Cranberry Roast Beef

A tender beef roast bathed in a sweet-tart cranberry sauce that creates a caramelized glaze while cooking. This festive dish pairs succulent, savory meat with the bright notes of cranberry for a memorable meal that’s surprisingly easy to prepare.
Prep Time 15 minutes
Cook Time 2 hours 45 minutes
Total Time 3 hours
Course Holiday, Main Course
Cuisine American
Servings 8 people

Ingredients
  

  • 3-4 pound beef chuck roast or bottom round roast
  • 2 tablespoons olive oil
  • 1 teaspoon salt
  • 1 teaspoon freshly ground black pepper
  • 2 cups fresh or frozen cranberries no need to thaw if frozen
  • 1/2 cup granulated sugar
  • 1/4 cup brown sugar
  • 1/2 cup water or beef broth
  • 1 orange zested and juiced
  • 2 cloves garlic minced
  • 1 tablespoon Worcestershire sauce
  • 1 teaspoon dried thyme
  • 1 teaspoon dried rosemary
  • 1 medium onion sliced into rings
  • 2 sprigs fresh rosemary optional, for garnish

Instructions
 

  • Preheat your oven to 325°F (165°C).

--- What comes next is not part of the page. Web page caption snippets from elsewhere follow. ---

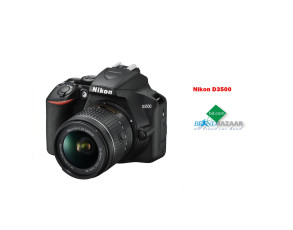 Nikon DSLR Camera D3500  With AF-S 18-55mm VR Lens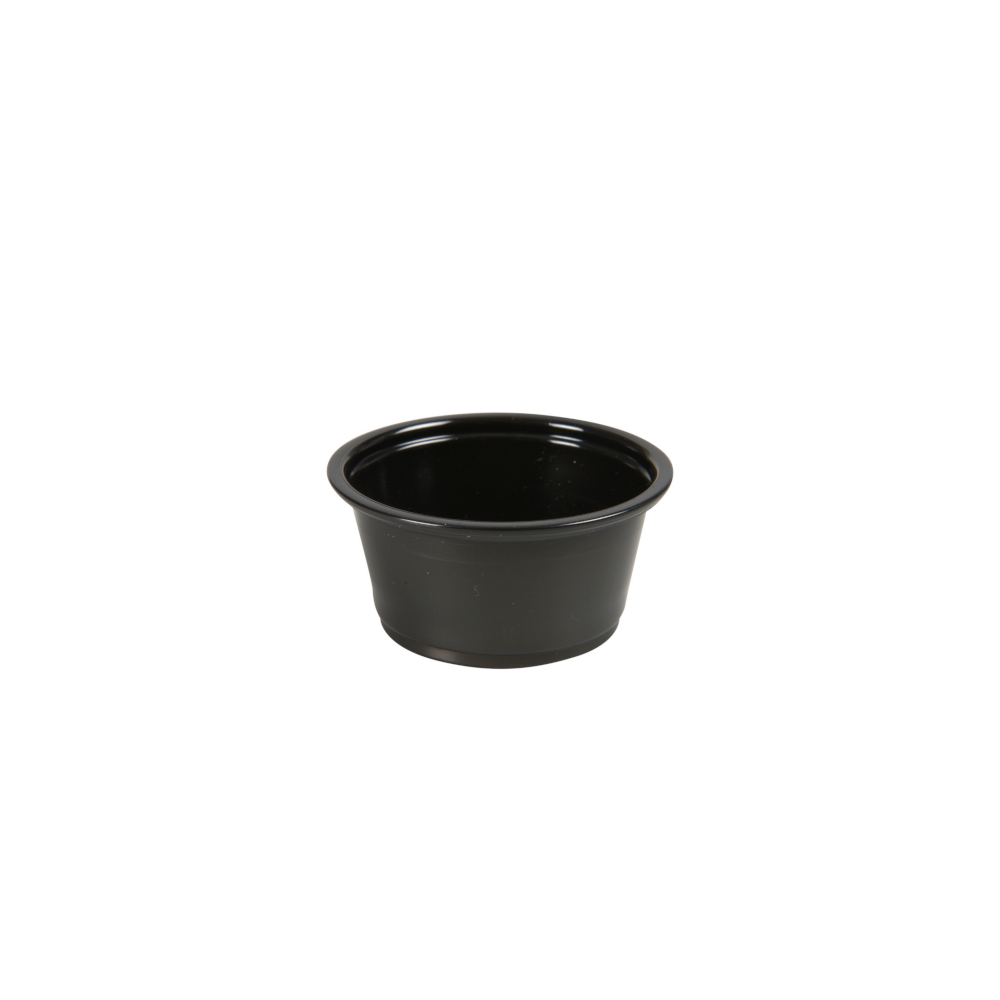 Vienk. indelis padažui 30 ml juodas (100)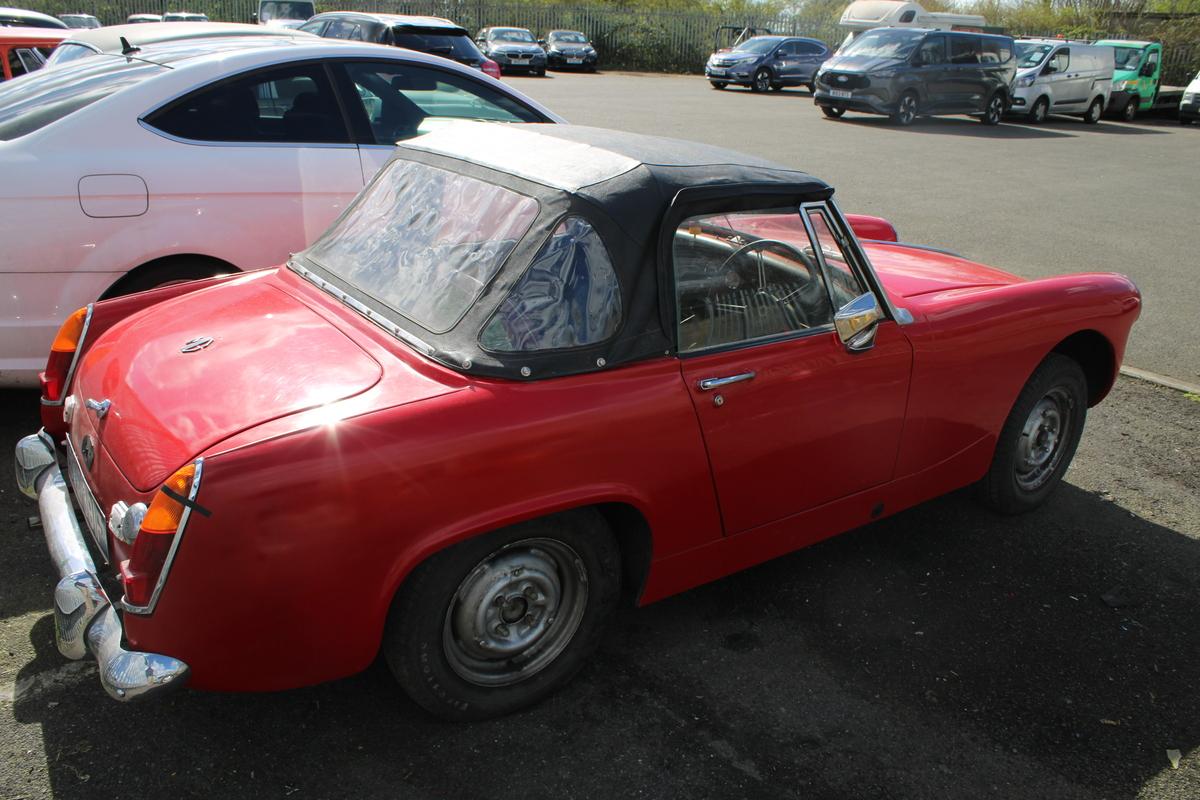 1967 MG Midget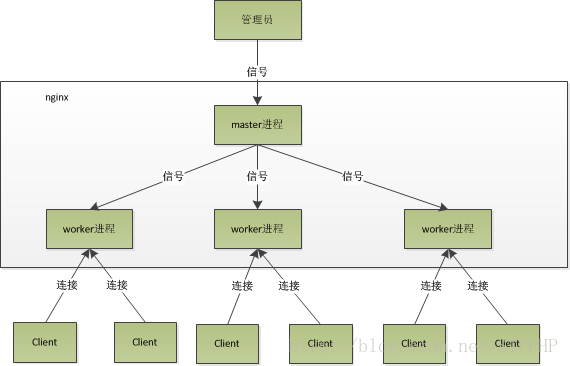 nginx架构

This moderate temperature will slowly cook the beef until tender while allowing the cranberry glaze to develop without burning.
  • Prepare the beef by patting it dry with paper towels. This ensures a better sear and helps the seasonings adhere properly. Tie with kitchen twine if necessary to maintain an even shape.
  • Season the roast generously with salt and pepper, rubbing it into all sides of the meat.
  • Heat olive oil in a large skillet or dutch oven over medium-high heat until shimmering. Sear the roast on all sides until deeply browned, about 3-4 minutes per side. Transfer to a plate if using a separate roasting pan.
  • Make the cranberry mixture by combining cranberries, granulated sugar, brown sugar, water or broth, orange zest and juice, garlic, Worcestershire sauce, thyme, and rosemary in a bowl. Stir until well combined.
  • Arrange onion rings in the bottom of your roasting pan or dutch oven, then place the seared beef on top.
  • Pour the cranberry mixture over the roast, ensuring some falls around the sides to create a cooking liquid at the bottom of the pan.
  • Cover the roasting pan tightly with foil (or lid if using a dutch oven) and place in the preheated oven.
  • Roast for 2 hours, then remove the foil and continue cooking for an additional 30-45 minutes until the internal temperature reaches 145°F for medium-rare or 160°F for medium.
  • Baste the roast with the pan juices every 15 minutes during the uncovered roasting time to develop a beautiful glaze.
  • Remove from the oven and let rest for 15-20 minutes, lightly covered with foil, before slicing. This allows the juices to redistribute throughout the meat.
  • Slice the roast against the grain into 1/2-inch thick slices and arrange on a serving platter.
  • Skim excess fat from the pan sauce and spoon the cranberry sauce over the sliced meat. Garnish with fresh rosemary sprigs if desired.

Notes

  • For a smoother sauce, blend half the cranberry mixture before pouring over the roast.
  • The roast can be prepared and seared a day ahead, then refrigerated overnight with the cranberry mixture for enhanced flavor.
  • If you prefer a thicker sauce, remove the meat after cooking and simmer the pan juices on the stovetop until reduced to your desired consistency.
  • This recipe works beautifully with venison or pork roast as alternatives to beef.
  • Leftover meat makes excellent sandwiches when thinly sliced and served with some of the cranberry sauce.